New statistical method helps write the instruction manual for biological complexity
Researchers take a mathematical and statistical approach to identify patterns in how proteins interact with each other across thousands of bacteria to build the collective whole.
Director of Communications, Biological Sciences Division
Imagine building a complicated Lego set, like this Star Wars Millennium Falcon model with more than 7,500 pieces. Given enough time, you could build it successfully if you follow the instruction manual carefully. But if someone handed you a box of 7,500 pieces with just a picture of a finished spaceship, you would never be able to do it. You might be able to piece together a few elements like the landing gear or cockpit based on what you see on the outside, but you could only guess at the thousands of joints and structures inside that hold the whole thing together.
For decades, scientists have been trying to reverse engineer complex systems in nature the same way. Using the available molecular biology and genetic tools, for example, they can deconstruct the genes and proteins involved in cell motility, or how it moves. But that approach can never scale to all the body parts and processes that make up an entire organism, or hundreds of strains of bacteria interacting with each other in a microbiome. Instead, they need an instruction manual that tells them how the individual genes make proteins, which in turn make cells, which form into tissues, which then build organs, and so on to form the complete system from the inside out.
Connections at SCALES
Arjun Raman, MD, PhD, is a systems biologist at the University of Chicago who studies how complex systems grow and evolve in nature. This involves more than just breaking down the individual pieces of how one component works, because the whole of the system is always greater than the sum of its parts. Instead, he wants to learn the rules that helped the system evolve, so he can write a version of its instruction manual and engineer new systems to solve biological problems and treat disease.
“Using existing approaches, we’ve been able to come up with an artisanal, one-of-a-kind picture of what cell motility looks like. But good luck doing that for another function, because it will take that much more time,” Raman said. “Instead, we posed the question: How do you come up with a framework that tells you both about the individual parts and how they collect together to make a whole?”
In a new study published recently in eLife, Raman and a team of scientists from UChicago and Washington University in St. Louis used a mathematical and statistical approach to identify patterns in how proteins interact with each other across thousands of bacteria. The method, they call SCALES (Spectral Correlation Analysis of Layered Evolutionary Signals), can help scientists create the instruction manual for a complex system, connecting the genotypes of organisms to actual biological properties and behaviors.

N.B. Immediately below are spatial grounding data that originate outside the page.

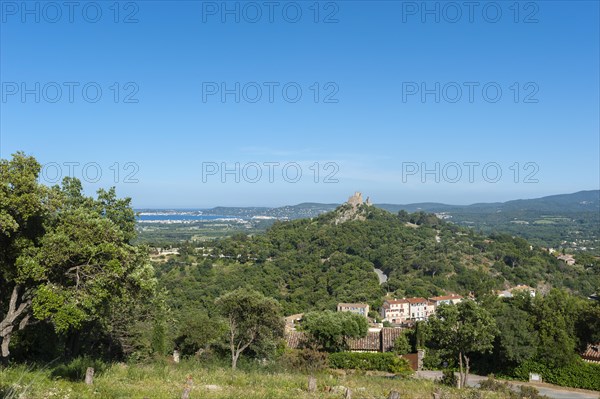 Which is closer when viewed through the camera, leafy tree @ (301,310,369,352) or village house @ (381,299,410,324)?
leafy tree @ (301,310,369,352)

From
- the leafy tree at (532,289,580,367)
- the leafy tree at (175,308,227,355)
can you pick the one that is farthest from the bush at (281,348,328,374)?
the leafy tree at (532,289,580,367)

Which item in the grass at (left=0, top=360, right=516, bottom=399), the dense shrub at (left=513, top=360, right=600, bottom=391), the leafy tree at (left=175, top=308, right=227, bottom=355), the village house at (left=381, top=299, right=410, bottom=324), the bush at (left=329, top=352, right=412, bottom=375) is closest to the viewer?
the grass at (left=0, top=360, right=516, bottom=399)

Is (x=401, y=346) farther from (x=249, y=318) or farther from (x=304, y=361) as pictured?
(x=249, y=318)

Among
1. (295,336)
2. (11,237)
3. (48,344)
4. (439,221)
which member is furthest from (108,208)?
(439,221)

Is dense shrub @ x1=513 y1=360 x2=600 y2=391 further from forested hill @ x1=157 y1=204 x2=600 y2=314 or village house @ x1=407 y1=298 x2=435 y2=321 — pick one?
village house @ x1=407 y1=298 x2=435 y2=321

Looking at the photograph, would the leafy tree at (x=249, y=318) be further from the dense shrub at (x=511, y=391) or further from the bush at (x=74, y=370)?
the dense shrub at (x=511, y=391)

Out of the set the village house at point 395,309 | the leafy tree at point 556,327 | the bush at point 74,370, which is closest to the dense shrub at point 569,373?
the leafy tree at point 556,327

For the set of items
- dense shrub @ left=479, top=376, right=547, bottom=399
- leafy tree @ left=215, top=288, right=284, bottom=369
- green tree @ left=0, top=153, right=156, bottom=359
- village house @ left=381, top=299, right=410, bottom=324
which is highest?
green tree @ left=0, top=153, right=156, bottom=359
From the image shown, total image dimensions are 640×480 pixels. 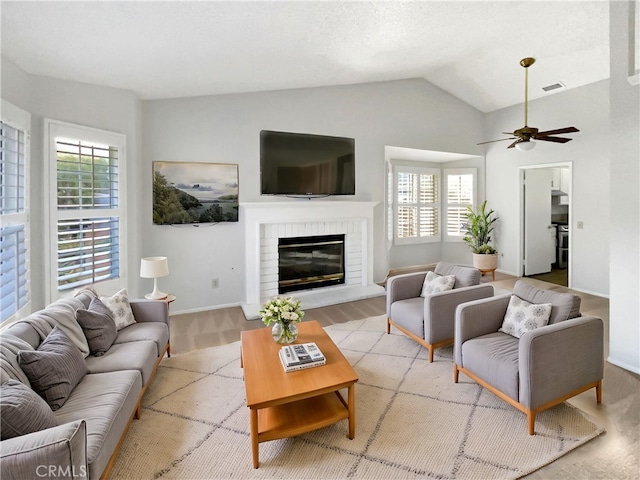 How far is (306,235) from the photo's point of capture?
4941 mm

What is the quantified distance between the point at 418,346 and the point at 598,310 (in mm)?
2917

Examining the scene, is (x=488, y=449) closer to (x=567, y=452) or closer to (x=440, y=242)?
(x=567, y=452)

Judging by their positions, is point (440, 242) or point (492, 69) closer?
point (492, 69)

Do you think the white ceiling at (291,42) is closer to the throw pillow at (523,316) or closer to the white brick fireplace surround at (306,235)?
the white brick fireplace surround at (306,235)

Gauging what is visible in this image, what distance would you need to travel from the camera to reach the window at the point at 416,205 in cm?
663

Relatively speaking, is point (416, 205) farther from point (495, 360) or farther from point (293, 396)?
point (293, 396)

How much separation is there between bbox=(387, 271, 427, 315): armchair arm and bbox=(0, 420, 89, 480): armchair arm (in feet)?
9.17

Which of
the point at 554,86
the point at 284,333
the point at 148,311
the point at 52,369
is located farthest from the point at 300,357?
the point at 554,86

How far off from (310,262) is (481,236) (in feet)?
11.6

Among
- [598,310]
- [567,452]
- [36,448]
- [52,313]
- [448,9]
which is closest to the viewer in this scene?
[36,448]

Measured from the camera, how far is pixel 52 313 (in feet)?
7.32

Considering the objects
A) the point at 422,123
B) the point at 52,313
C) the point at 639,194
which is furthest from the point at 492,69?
the point at 52,313

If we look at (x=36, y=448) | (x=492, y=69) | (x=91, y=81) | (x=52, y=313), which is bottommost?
(x=36, y=448)

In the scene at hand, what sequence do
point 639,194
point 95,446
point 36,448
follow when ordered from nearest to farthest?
1. point 36,448
2. point 95,446
3. point 639,194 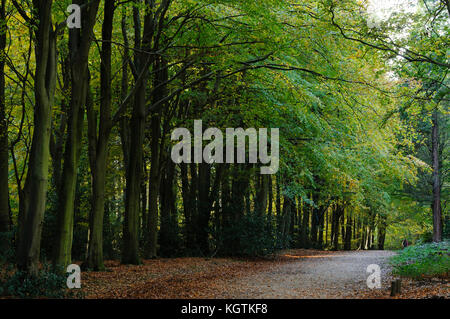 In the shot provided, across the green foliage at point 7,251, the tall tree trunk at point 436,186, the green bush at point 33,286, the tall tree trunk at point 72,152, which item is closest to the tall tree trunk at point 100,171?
the tall tree trunk at point 72,152

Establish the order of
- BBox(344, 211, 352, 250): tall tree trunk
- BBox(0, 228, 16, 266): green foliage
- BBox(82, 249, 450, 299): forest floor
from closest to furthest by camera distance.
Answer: BBox(82, 249, 450, 299): forest floor < BBox(0, 228, 16, 266): green foliage < BBox(344, 211, 352, 250): tall tree trunk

True to its name, it also enables researchers to make these connections at different scales.
“We saw that if we sequenced a ton of bacteria and cells, we could statistically define emergent properties, meaning how these parts come together to create intermediate units of function that then ultimately create the collective function,” Raman said.
The team started building their new method by downloading genome data from more than 7,000 bacteria that are available on a public website repository and annotated their protein structures. They then put this data into a matrix, basically an enormous spreadsheet with one row for each of the 7,000 bacteria, and columns for their collective 10,000 genes. The data in each cell represents a value of how much the gene is expressed; how these numbers vary across columns can tell you how the genes interact. For example, if the values in two columns increase or decrease at the same rate, they likely interact with each other. Sometimes, only a subsection of the column interacts in concert, and some may appear more tightly linked statistically than others.

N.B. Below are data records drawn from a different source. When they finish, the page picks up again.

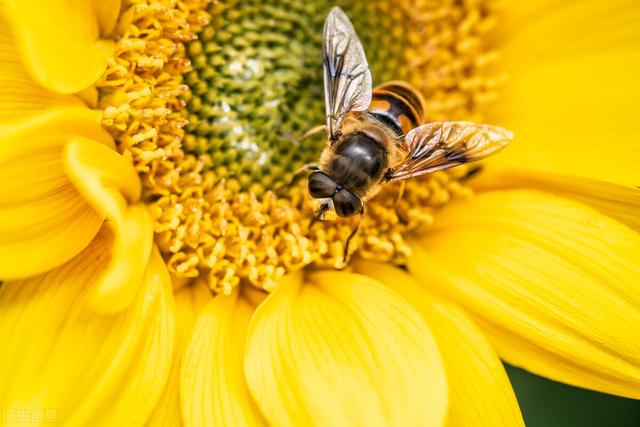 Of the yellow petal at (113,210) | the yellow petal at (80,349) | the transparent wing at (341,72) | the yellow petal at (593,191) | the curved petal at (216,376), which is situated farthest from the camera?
the transparent wing at (341,72)

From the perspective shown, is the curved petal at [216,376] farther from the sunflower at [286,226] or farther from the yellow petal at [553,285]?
the yellow petal at [553,285]

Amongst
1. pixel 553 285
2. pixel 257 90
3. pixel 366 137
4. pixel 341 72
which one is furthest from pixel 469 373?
pixel 257 90

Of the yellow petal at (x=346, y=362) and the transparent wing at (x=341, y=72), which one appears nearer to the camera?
the yellow petal at (x=346, y=362)

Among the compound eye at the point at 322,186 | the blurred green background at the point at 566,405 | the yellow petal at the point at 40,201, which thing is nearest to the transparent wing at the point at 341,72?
the compound eye at the point at 322,186

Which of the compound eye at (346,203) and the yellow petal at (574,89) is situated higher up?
the yellow petal at (574,89)

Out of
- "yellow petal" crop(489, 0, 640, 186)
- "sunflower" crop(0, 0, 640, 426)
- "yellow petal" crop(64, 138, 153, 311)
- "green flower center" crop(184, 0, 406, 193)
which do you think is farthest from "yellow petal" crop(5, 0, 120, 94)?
"yellow petal" crop(489, 0, 640, 186)

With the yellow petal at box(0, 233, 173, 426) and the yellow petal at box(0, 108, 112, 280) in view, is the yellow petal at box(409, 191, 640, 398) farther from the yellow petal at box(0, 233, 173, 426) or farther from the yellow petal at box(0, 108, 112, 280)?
the yellow petal at box(0, 108, 112, 280)

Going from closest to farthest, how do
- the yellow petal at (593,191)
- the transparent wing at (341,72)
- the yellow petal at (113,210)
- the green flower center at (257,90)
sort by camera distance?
the yellow petal at (113,210), the yellow petal at (593,191), the transparent wing at (341,72), the green flower center at (257,90)

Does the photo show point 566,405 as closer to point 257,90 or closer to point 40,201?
point 257,90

Raman and his team compared the results from their tool to a well-known system for proteins involved in motility and found that it corresponded perfectly. The tool identified the same protein interactions it had taken scientists decades to find using traditional biochemical techniques. They also applied it to an understudied bacteria called Pseudomonas aeruginosa and identified a previously unknown gene that affects its motility.

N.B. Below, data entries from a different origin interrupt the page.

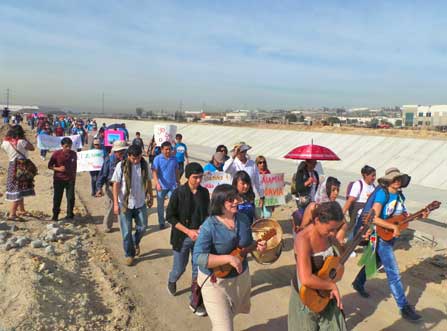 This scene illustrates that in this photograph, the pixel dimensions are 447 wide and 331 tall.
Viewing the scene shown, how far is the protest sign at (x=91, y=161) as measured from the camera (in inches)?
414

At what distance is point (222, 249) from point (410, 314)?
9.23 ft

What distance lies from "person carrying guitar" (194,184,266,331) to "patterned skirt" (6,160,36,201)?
18.4ft

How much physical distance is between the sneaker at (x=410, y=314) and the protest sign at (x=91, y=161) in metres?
8.16

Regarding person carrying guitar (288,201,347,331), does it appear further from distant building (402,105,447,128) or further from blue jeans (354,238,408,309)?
distant building (402,105,447,128)

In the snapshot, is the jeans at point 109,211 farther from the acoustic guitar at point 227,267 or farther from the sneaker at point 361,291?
the acoustic guitar at point 227,267

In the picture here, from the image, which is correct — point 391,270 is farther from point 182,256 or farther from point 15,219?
point 15,219

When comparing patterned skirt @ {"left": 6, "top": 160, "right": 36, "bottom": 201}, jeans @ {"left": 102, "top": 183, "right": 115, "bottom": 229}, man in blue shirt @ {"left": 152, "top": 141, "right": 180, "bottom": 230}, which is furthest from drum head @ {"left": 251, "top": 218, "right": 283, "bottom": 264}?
patterned skirt @ {"left": 6, "top": 160, "right": 36, "bottom": 201}

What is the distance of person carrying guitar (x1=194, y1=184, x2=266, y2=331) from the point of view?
10.9 ft

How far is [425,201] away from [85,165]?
1011 cm

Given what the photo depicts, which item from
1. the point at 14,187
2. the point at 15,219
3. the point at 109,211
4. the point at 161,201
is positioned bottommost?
the point at 15,219

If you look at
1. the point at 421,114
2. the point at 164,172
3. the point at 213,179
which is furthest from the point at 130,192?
the point at 421,114

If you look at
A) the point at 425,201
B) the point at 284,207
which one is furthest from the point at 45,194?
the point at 425,201

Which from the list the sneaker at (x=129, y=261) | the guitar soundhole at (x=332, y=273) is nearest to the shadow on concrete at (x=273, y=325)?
the guitar soundhole at (x=332, y=273)

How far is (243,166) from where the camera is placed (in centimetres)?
687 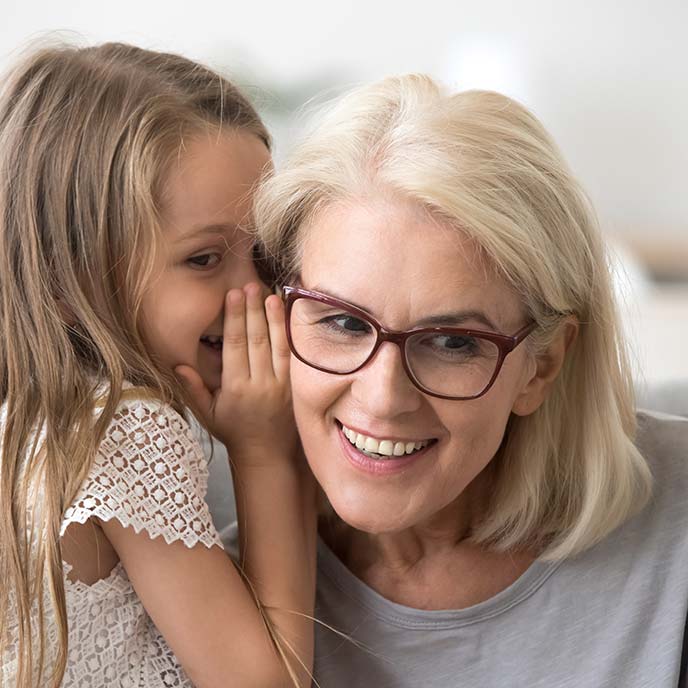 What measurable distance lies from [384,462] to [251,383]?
0.31 meters

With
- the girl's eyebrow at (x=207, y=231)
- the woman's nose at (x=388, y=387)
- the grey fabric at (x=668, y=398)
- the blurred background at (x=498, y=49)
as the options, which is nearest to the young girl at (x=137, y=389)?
the girl's eyebrow at (x=207, y=231)

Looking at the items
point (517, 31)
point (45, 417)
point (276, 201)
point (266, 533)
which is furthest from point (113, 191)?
point (517, 31)

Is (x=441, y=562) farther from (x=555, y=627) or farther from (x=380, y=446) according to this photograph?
(x=380, y=446)

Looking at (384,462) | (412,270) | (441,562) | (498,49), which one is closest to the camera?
(412,270)

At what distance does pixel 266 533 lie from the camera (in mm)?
Result: 1787

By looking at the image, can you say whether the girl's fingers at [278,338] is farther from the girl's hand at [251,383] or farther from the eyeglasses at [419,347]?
the eyeglasses at [419,347]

“This was in part of the genome that is known to affect a specific type of motility, but the protein itself was uncharacterized,” Raman said. “So, here's an example of where deconstructing systems in the lab is going to be incomplete, because you would never have found that kind of needle in a haystack amongst the thousands of genes in that organism.”
Describing emergence
Since this technique is based on math, it can be applied to larger units of complexity. Instead of comparing the gene and protein structure within single organisms, for example, you could use it compare entire microbiomes created from thousands of bacteria. Raman would like to be able to use it to zero in on the combinations that give microbiomes different characteristics, like the ability to colonize a certain ecosystem or resist different pathogens.
“We're thinking about this as a paradigm for describing emergence in biology,” he said. “Our next question is to ask whether or not the statistical framework that we’ve described can be generative, meaning can it not just describe what’s out there, but can it also be used to make new systems.”
Additional authors on the paper, “Defining hierarchical protein interaction networks from spectral analysis of bacterial proteomes,” include Alexander S. Little, Fidel Haro, and Valeryia Aksianiuk from UChicago; and William J. Buchser, Aaron DiAntonio, Jeffrey I. Gordon, and Jeffrey Milbrandt from Washington University School of Medicine, St. Louis.